A Weekly Advocacy Message from Mary Woolley: Congress is back and there is lots to talk about
Dear Research Advocate,
Congress is back in Washington but still in campaign mode, making its decisions with the election very much in mind. A 6-month continuing resolution (C.R.) is expected to pass momentarily. The C.R. would put off appropriations decision-making until the new Congress has gotten under way, flat-funding the government through March of next year at fiscal 2012 levels. The atmosphere of fiscal uncertainty for the agencies that fund research, and everyone seeking that funding, is in fact demoralizing in the extreme. Compounding the problem is that the C.R. does nothing to address the looming problem of sequestration, which is scheduled to take effect on January 2, 2013. The administration is slated to release a report tomorrow detailing how the sequestration cuts would be implemented at the department and agency level; it is unlikely to single out research and innovation for special protection. Thus it is more important than ever that our stakeholder community unite in a call to stop sequestration. We encourage you to join us and other members of the United for Medical Research (UMR) coalition on September 20 in a press conference at the National Press Club at 9:30 a.m. Please RSVP to email@example.com.
Last week, a timely op-ed by Michael Milken in the The Wall Street Journal highlighted the wondrous medical advances and economic prosperity that have been made possible through investments in research. The op-ed coincided with the Milken-sponsored Celebration of Science, a weekend-long series of discussions and other events shining a spotlight on the multifaceted contributions of science to the well-being of Americans and populations throughout the world. In the course of the proceedings, both Senate Majority Leader Harry Reid (D-NV) and House Majority Leader Eric Cantor (R-VA) spoke forcefully about the high priority the nation must place on medical research.
On Tuesday this week, the Albert and Mary Lasker Foundation announced the recipients of the prestigious Lasker Awards ’ often referred to as the ’American Nobels’ ’ which will be presented in New York City later this month. The accomplishments of these awardees exemplify the power of research to unlock knowledge that is of invaluable benefit to society. Mary Lasker, a founder of Research!America, lives on with her hard-hitting message: ’If you think research is expensive, try disease!’ For timely information on the costs of disease as well as the value and promise of research, see our fact sheets. Use them in your advocacy!

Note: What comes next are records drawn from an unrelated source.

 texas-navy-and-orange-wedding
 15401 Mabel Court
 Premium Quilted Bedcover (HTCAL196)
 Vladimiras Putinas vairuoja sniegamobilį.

Three other media pieces this week were timed for Congress’ return. Our Your Candidates-Your Health ad is running in Politico now. Use it to leverage your request to candidates to tell us all what they will do to make research a priority. A Washington Post op-ed co-authored by Rep. Jim Cooper (D-TN) and Research!America board member and AAAS Executive Director Dr. Alan Leshner fights back against kneejerk reactions to research based on the name of the project and/or the misconception that science is a mechanical process rather than an iterative, dynamic one. The American Association for the Advancement of Science (AAAS) and others have come together to recognize outstanding researchers whose contributions belie their detractors with the first Golden Goose Award ceremony.

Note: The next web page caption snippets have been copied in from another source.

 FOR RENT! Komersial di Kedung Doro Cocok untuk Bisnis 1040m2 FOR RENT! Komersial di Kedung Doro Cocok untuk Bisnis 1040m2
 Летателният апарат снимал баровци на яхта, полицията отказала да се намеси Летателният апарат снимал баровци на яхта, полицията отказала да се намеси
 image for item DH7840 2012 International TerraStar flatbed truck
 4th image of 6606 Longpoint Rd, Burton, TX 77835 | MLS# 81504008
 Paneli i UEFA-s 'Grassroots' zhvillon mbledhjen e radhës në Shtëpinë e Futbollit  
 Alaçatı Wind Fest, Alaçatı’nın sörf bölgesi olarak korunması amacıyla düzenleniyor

With her letter in the The Wall Street Journal, Ellen Sigal, chairman and founder of Friends of Cancer Research and a Research!America Board member, emphasizes that the views and values of patients must be taken into account when FDA makes the risk vs. benefit calculations that factor so importantly in drug approval decisions. She points out that ’risk’ is in the eye of the beholder when a new drug is the last and best hope for a terminally ill patient. It is a welcome development that more patients and patient groups are stepping up to take their rightful place in the research process, ultimately driving it across the finish line faster. Patient engagement with Congress has always been high impact; now we need it to influence candidates to make medical progress a top national priority.